__Collected material__.
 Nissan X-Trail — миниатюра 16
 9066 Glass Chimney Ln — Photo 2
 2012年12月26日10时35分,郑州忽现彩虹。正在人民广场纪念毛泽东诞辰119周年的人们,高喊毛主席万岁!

__Work order__. Exact duplication of all the data above is expected.

__Response__.
 Nissan X-Trail — миниатюра 16
 9066 Glass Chimney Ln — Photo 2
 2012年12月26日10时35分,郑州忽现彩虹。正在人民广场纪念毛泽东诞辰119周年的人们,高喊毛主席万岁!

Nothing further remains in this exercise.